Forum Moderators: phranque

Message Too Old, No Replies

Filtering language subdirectory requests

         

PumaProd

5:41 pm on Nov 10, 2009 (gmt 0)

10+ Year Member



I have started to work with mod_rewrite and have succeeded in getting myself ... completely confused!
I have gone through the post from jdMorgan "Mod Rewrite: Stop Writing & Start Reading. Please!" and have tried to follow his recommendations.

Here is what I am trying to achieve - my site will have artificial language directories ie en and fr.
For example :
www.example.com/en/request
or
www.example.com/fr/request

What I am trying to do is to redirect to my language default if anything else is requested - ie:
www.example.com/de/request
should redirect to
www.example.com/en/request

After this has been done, my rewrite rule comes in to action :
RewriteRule ^(en¦fr)/(.*)$ $2?lang=$1

I am having big problems putting in place a condition which will test for two language code first level directory requests which are not en or fr.

The result was either no effect or internal server error - which is why I am not daring to post it here.

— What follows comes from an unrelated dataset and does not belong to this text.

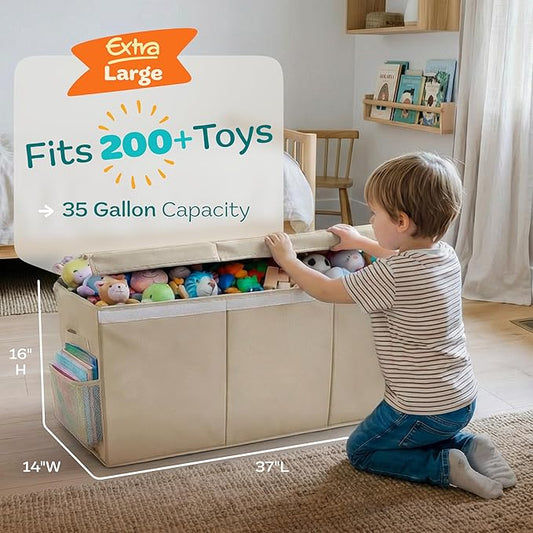 SoftOwl Extra Large Toy Storage Organizer with Lid - Sturdy, Collapsible Toy Chest Storage Box Design - Toys Bin with Dividers for Kids, Nursery, Bedroom, Playroom 37"x16"x14"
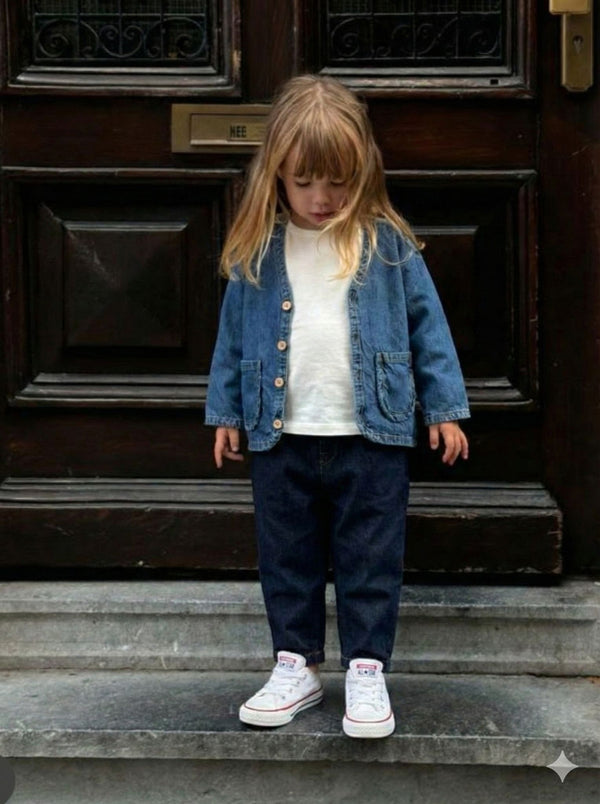 Çocuk kot ceket oversize kesimiyle 3–9 yaş kız ve erkek çocuklar için rahat kullanım sunar.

Having searched through the forum and read the documents indicated in the charter, I am still no further forward.

Can anyone help here ?

jdMorgan

6:44 pm on Nov 10, 2009 (gmt 0)

WebmasterWorld Senior Member 10+ Year Member



Actually, the post you cite was by TheMadScientist... Credit where credit is due. :)

Excluding requests for two-letter subdirectories which are not en¦fr should be quite simple. What have yo tried so far?

Jim

PumaProd

9:09 am on Nov 11, 2009 (gmt 0)

10+ Year Member



Hi Jim,

Here is what I am trying :
# validate that any language subdirectory request is valid
RewriteCond %{REQUEST_URI} ^!(en¦fr)
RewriteRule ^([^/]+)/(.+)$ /en/$2 [L]

Which allows all requests with en or fr to go through ok.
However, if I use another language code (ie de), I get a 404 not found response.

jdMorgan

1:22 pm on Nov 11, 2009 (gmt 0)

WebmasterWorld Senior Member 10+ Year Member



There are several problems in the RewriteCond, but otherwise the method is sound. The negation "!" must be done outside the pattern (it is a mod_rewrite operator, not a regex token), and unlike the URL-paths examined by RewriteRule, the URL-paths examined by RewriteCond %{REQUEST_URI} will always start with a slash:

# Internally rewrite subdirectory requests other than /en or /fr to force /en
RewriteCond %{REQUEST_URI} !^/(en¦fr)/
RewriteRule ^[^/]+/(.+)$ /en/$1 [L]

-or alternately-

# Internally rewrite subdirectory requests other than /en or /fr to force /en
RewriteCond $1 !^(en¦fr)$
RewriteRule ^([^/]+)/(.+)$ /en/$2 [L]

(Here we make use of the fact that RewriteRule has already done the work to 'capture' the initial URL-path-part, and we can refer to it as $1.)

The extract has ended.